→ **WORK INSTRUCTION**
Please reproduce the listing below exactly, leaving out every picture.

→ **SUPPLIED DATA**
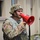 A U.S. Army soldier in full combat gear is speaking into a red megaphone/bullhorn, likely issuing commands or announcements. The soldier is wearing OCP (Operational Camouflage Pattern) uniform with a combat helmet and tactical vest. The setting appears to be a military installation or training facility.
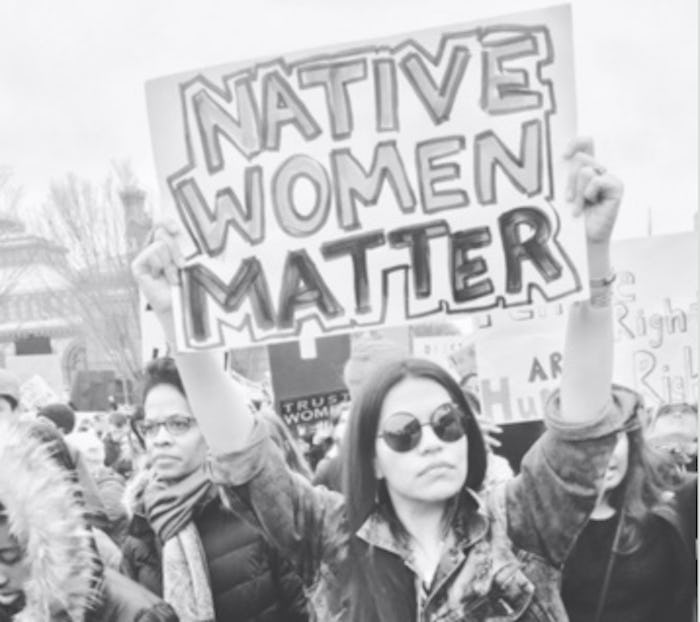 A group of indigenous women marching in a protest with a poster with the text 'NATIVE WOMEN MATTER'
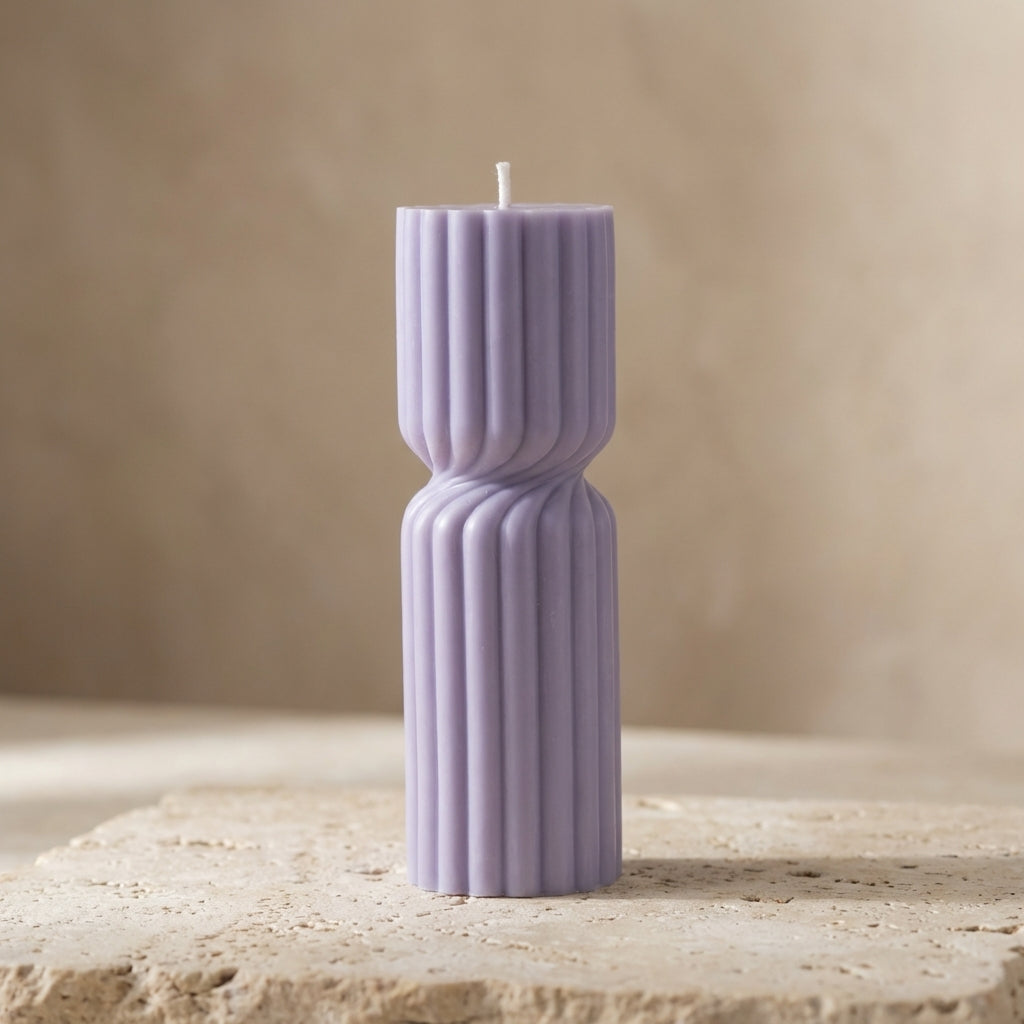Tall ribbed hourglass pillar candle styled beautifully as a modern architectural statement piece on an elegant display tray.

→ **TASK RESULT**
 A U.S. Army soldier in full combat gear is speaking into a red megaphone/bullhorn, likely issuing commands or announcements. The soldier is wearing OCP (Operational Camouflage Pattern) uniform with a combat helmet and tactical vest. The setting appears to be a military installation or training facility.
 A group of indigenous women marching in a protest with a poster with the text 'NATIVE WOMEN MATTER'
Tall ribbed hourglass pillar candle styled beautifully as a modern architectural statement piece on an elegant display tray.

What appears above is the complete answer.